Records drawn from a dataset

____

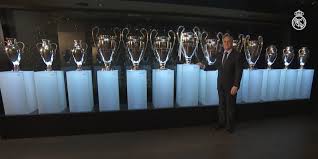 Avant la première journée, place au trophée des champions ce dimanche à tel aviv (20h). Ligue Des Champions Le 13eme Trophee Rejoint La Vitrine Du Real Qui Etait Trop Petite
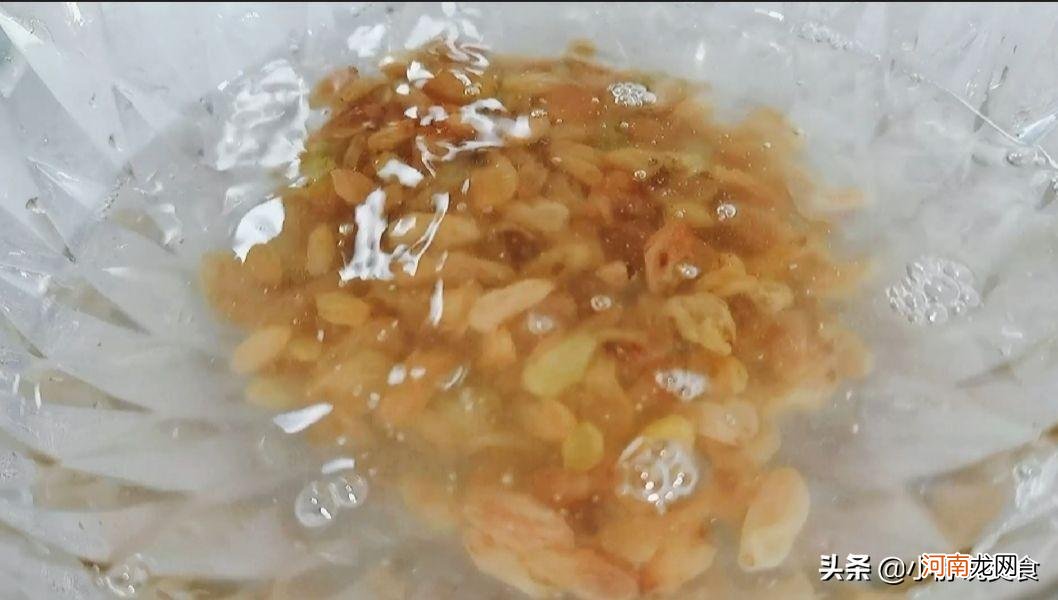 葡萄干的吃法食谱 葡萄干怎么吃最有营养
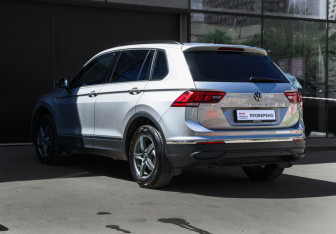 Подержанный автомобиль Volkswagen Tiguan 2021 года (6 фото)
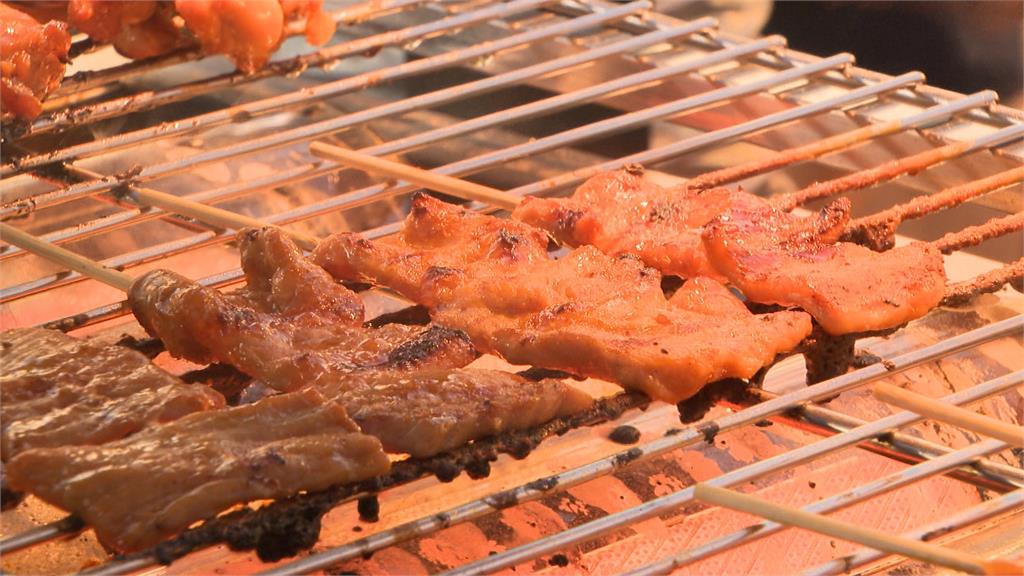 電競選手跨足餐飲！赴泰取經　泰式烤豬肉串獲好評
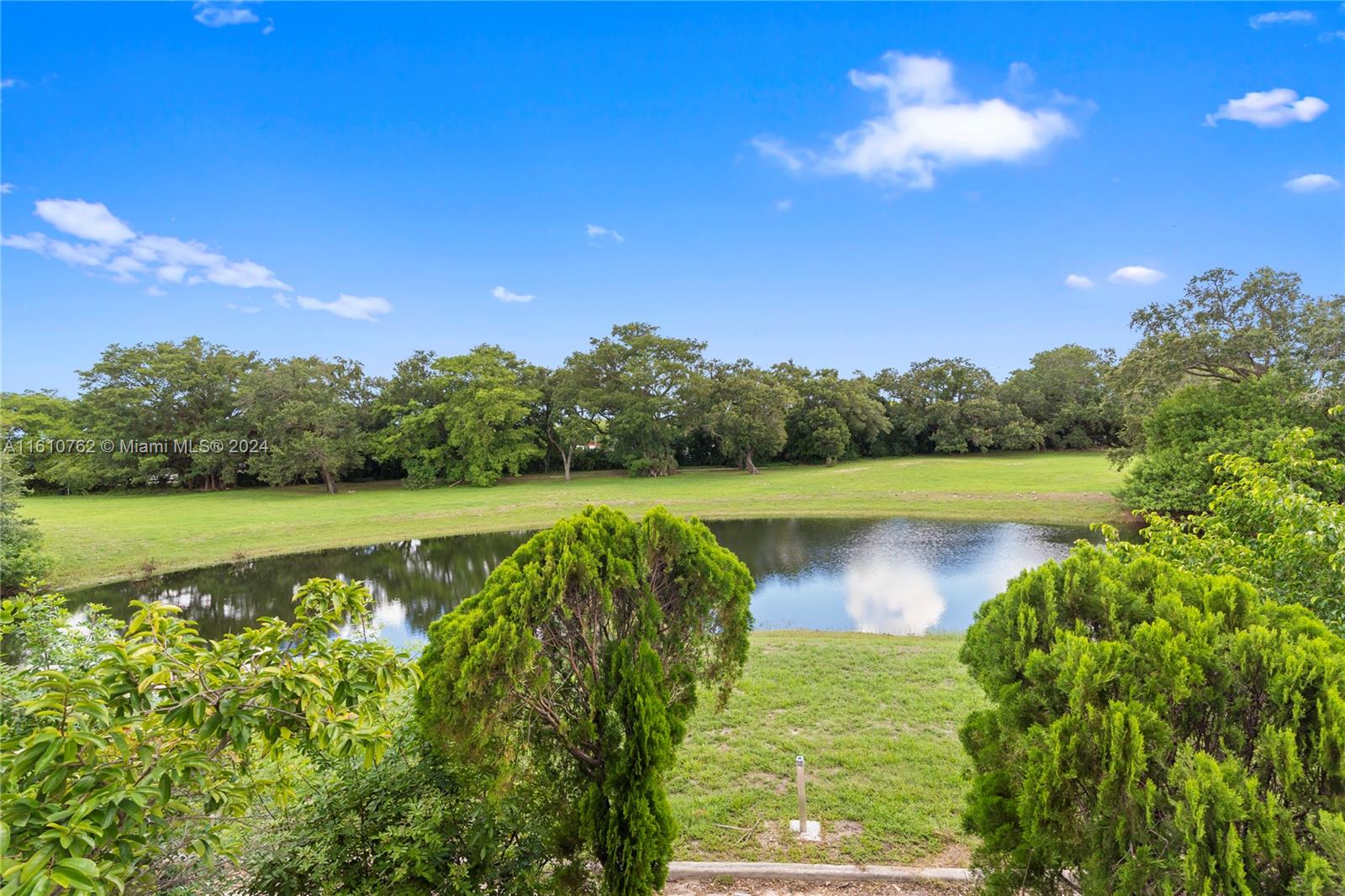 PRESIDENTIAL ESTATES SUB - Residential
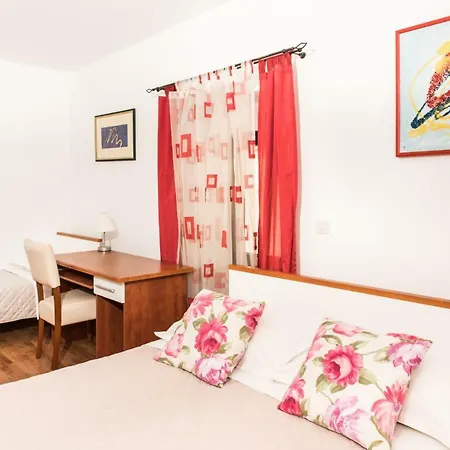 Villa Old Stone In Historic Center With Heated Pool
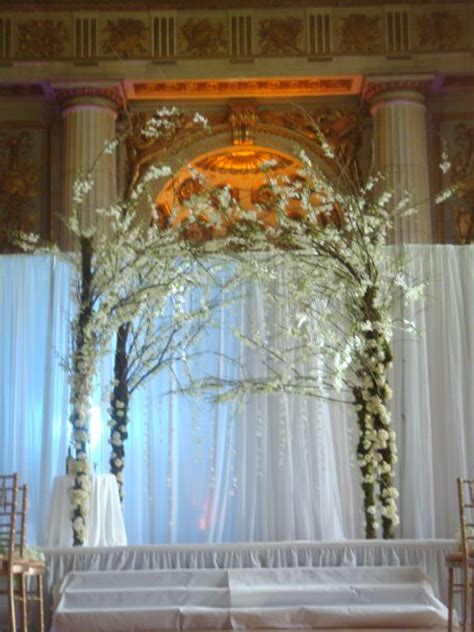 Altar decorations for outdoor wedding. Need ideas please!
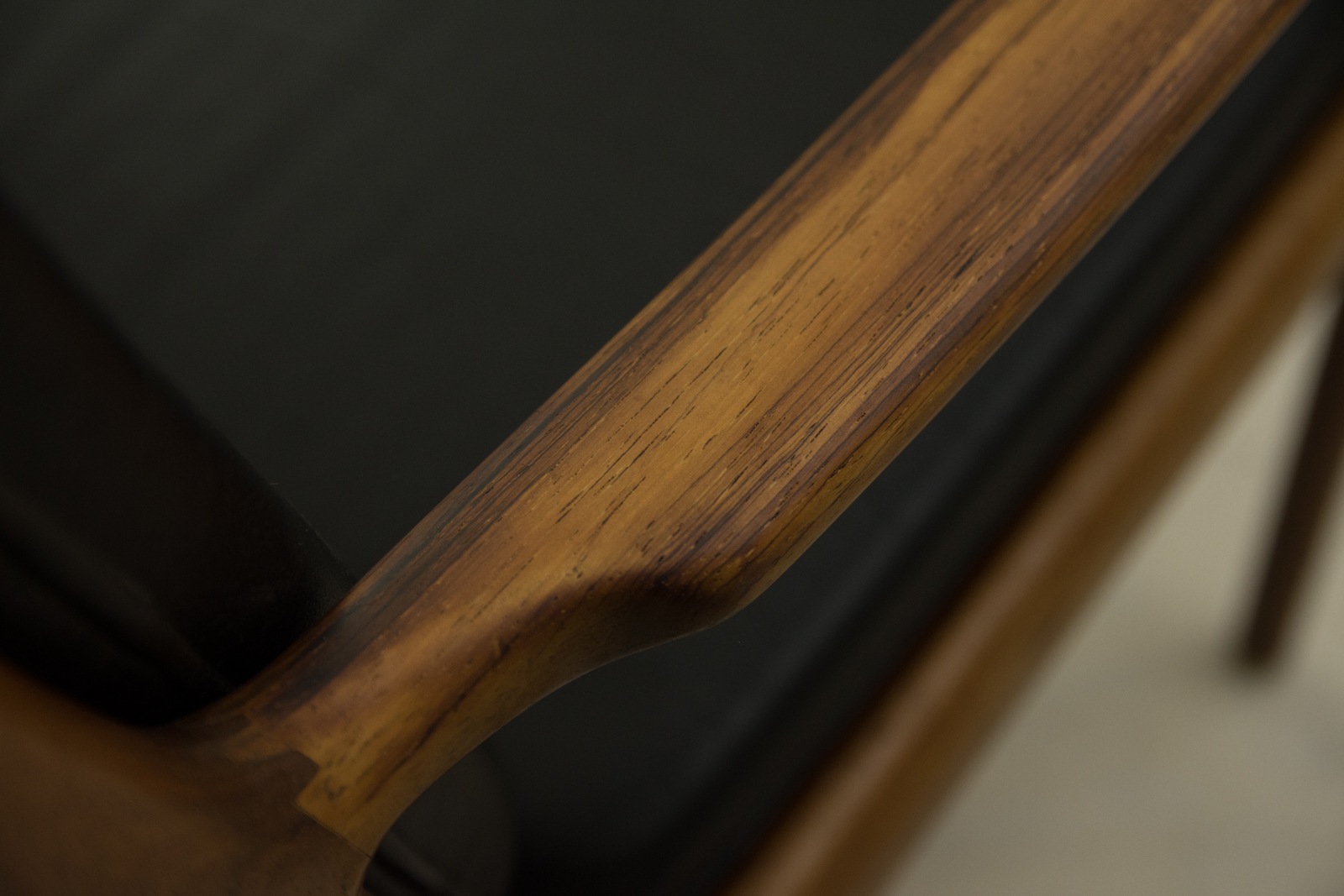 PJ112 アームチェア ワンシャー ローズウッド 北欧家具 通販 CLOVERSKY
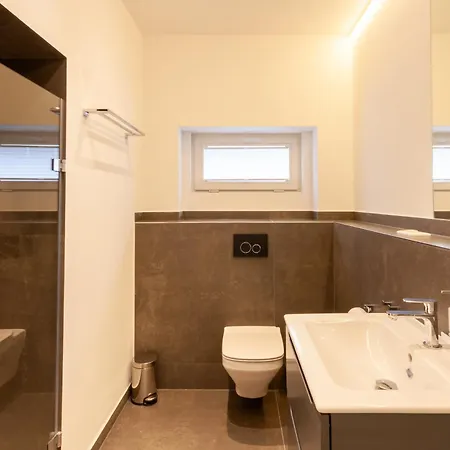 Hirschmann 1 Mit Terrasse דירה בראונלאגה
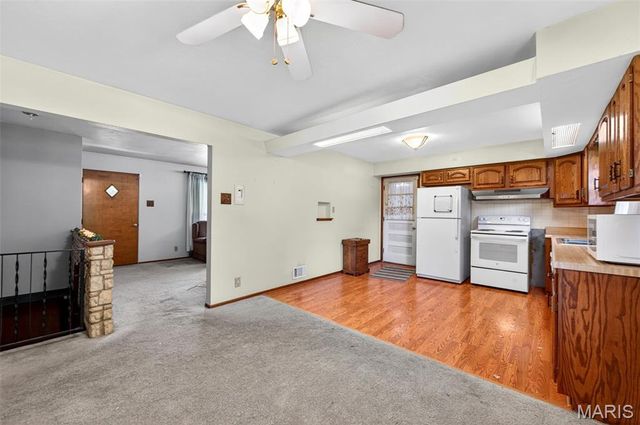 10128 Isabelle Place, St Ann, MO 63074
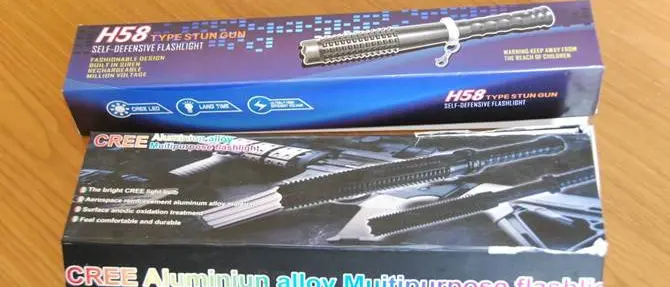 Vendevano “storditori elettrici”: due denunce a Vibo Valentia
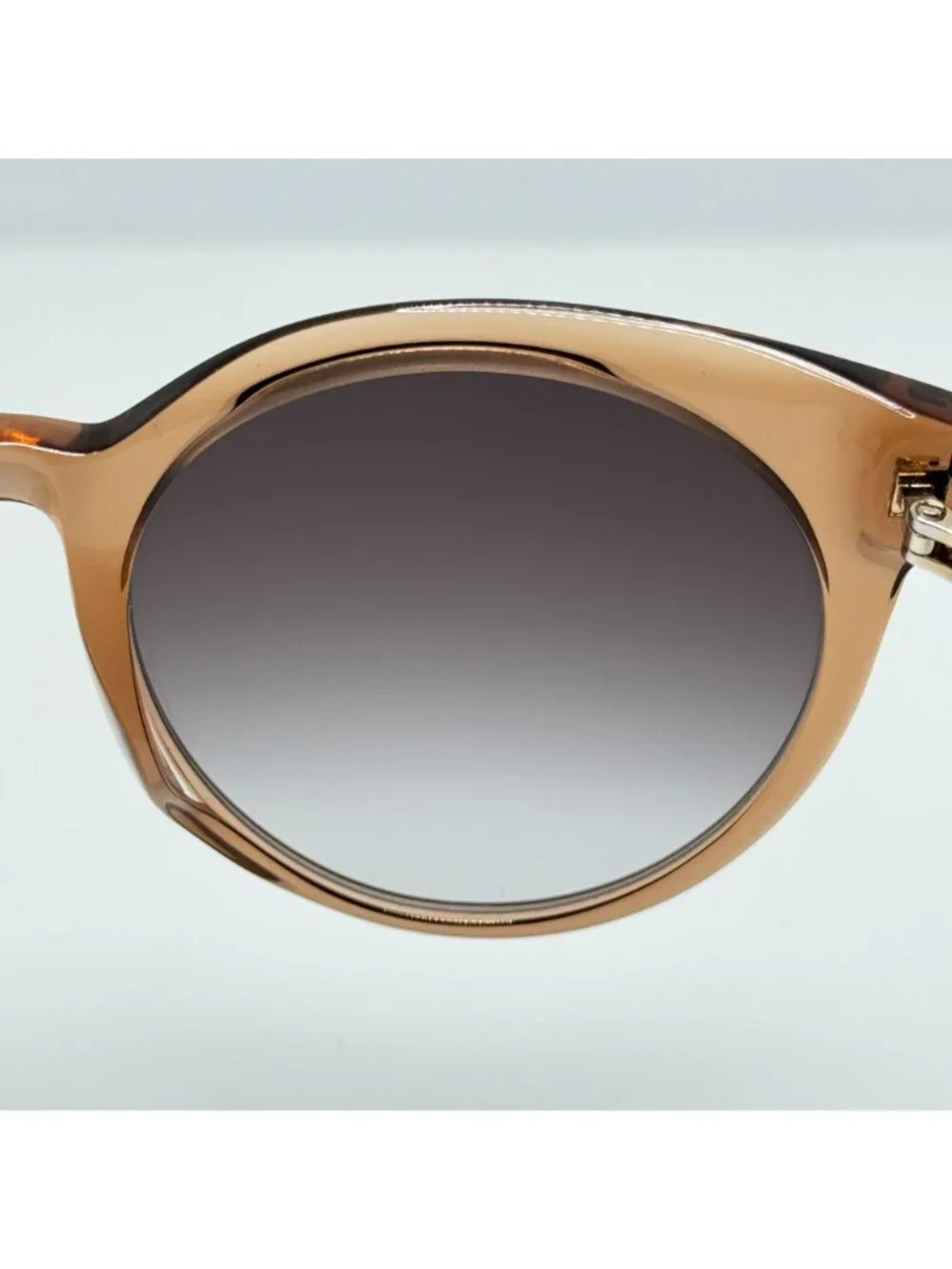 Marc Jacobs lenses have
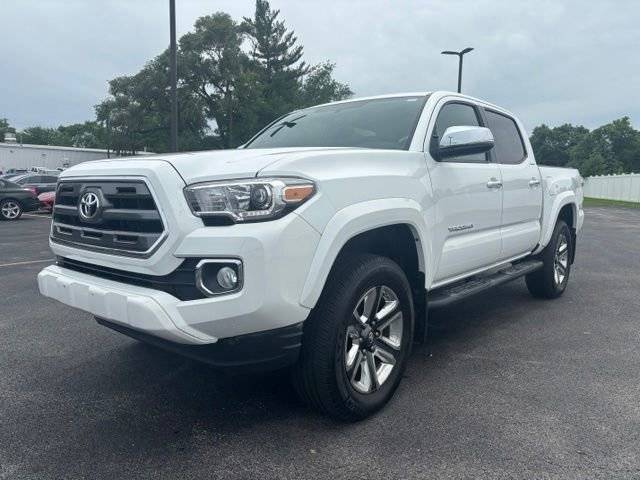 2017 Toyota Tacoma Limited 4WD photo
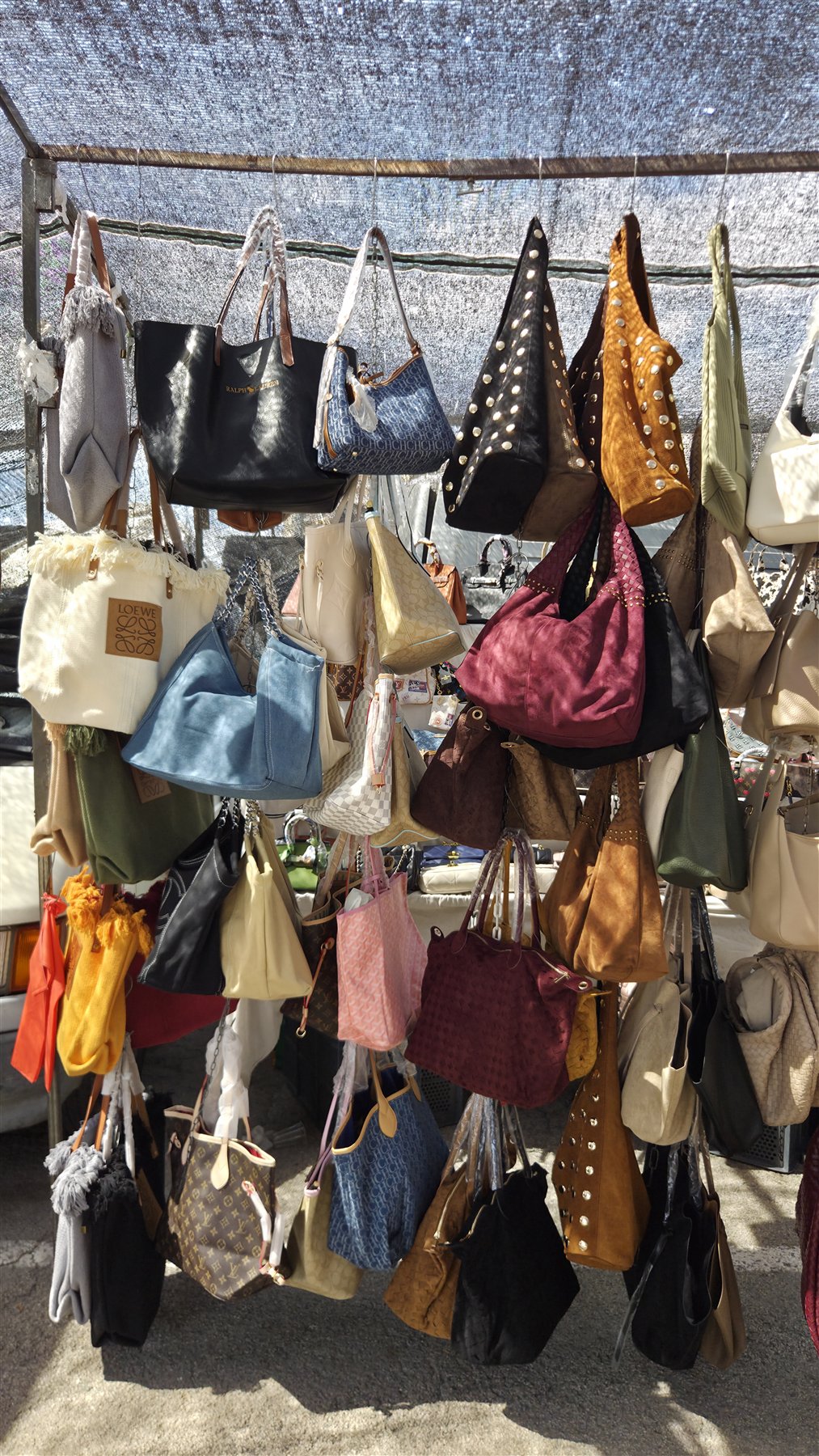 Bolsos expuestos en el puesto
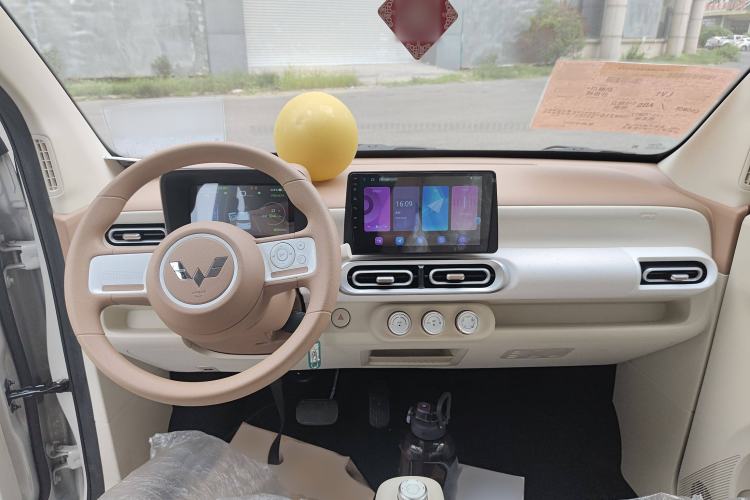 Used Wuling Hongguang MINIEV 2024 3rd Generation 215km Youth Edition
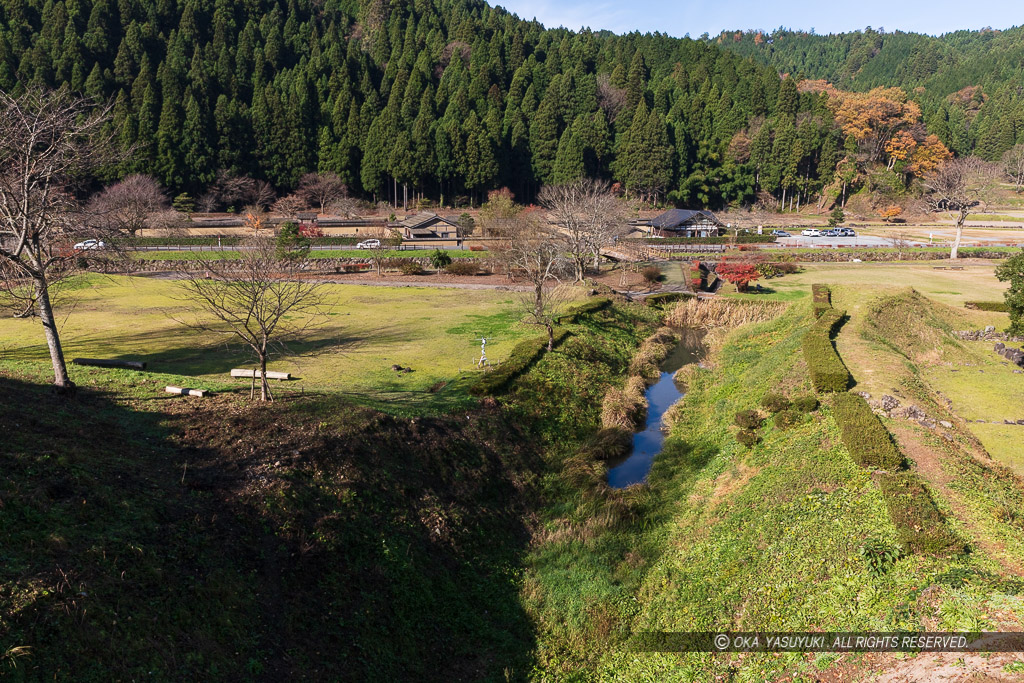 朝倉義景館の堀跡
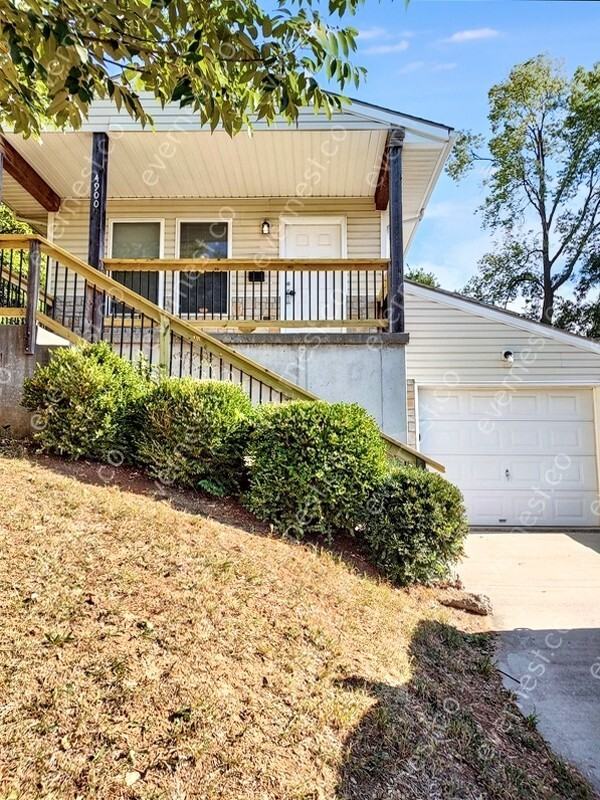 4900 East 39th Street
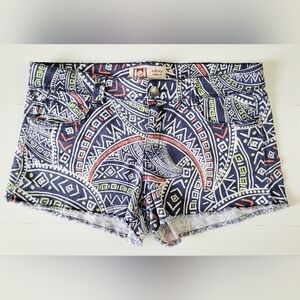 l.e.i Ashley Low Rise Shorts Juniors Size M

____

__What you should do__:
Reproduce every entry exactly, but omit each picture.

__Answer box__:
 Avant la première journée, place au trophée des champions ce dimanche à tel aviv (20h). Ligue Des Champions Le 13eme Trophee Rejoint La Vitrine Du Real Qui Etait Trop Petite
 葡萄干的吃法食谱 葡萄干怎么吃最有营养
 Подержанный автомобиль Volkswagen Tiguan 2021 года (6 фото)
 電競選手跨足餐飲！赴泰取經　泰式烤豬肉串獲好評
 PRESIDENTIAL ESTATES SUB - Residential
 Villa Old Stone In Historic Center With Heated Pool
 Altar decorations for outdoor wedding. Need ideas please!
 PJ112 アームチェア ワンシャー ローズウッド 北欧家具 通販 CLOVERSKY
 Hirschmann 1 Mit Terrasse דירה בראונלאגה
 10128 Isabelle Place, St Ann, MO 63074
 Vendevano “storditori elettrici”: due denunce a Vibo Valentia
 Marc Jacobs lenses have
 2017 Toyota Tacoma Limited 4WD photo
 Bolsos expuestos en el puesto
 Used Wuling Hongguang MINIEV 2024 3rd Generation 215km Youth Edition
 朝倉義景館の堀跡
 4900 East 39th Street
 l.e.i Ashley Low Rise Shorts Juniors Size M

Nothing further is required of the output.